■ Problem description: Pictures excluded, output the lines of the data below between the one holding "Install latch with" and the one holding "Broken/missing towel rack.", inclusive, exactly as they stand.

Records supplied section start

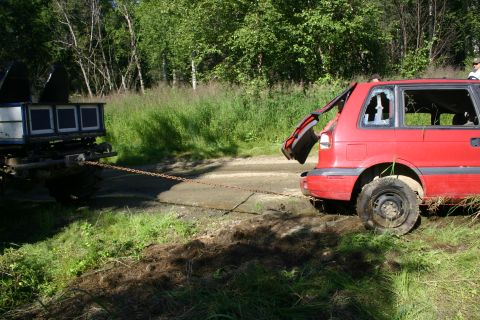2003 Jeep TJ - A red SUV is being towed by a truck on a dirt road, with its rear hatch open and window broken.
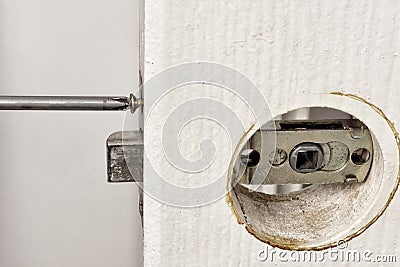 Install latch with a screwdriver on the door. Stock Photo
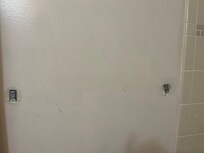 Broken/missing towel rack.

Records supplied section end
Records supplied section start

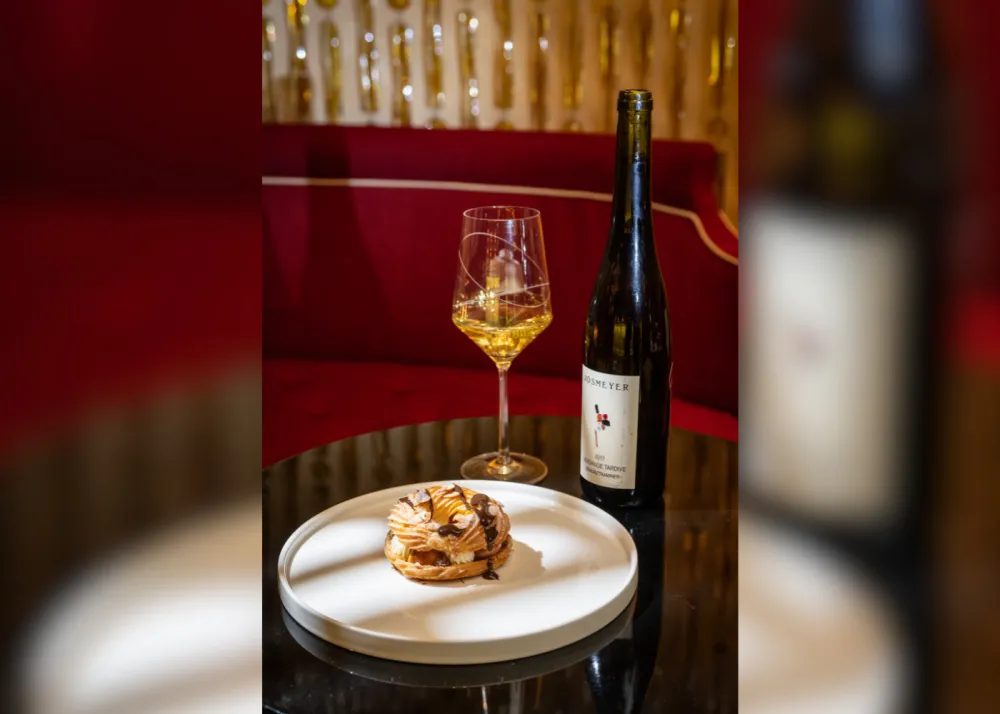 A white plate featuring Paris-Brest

Records supplied section end

■ Solution to the exercise:
 Install latch with a screwdriver on the door. Stock Photo
 Broken/missing towel rack.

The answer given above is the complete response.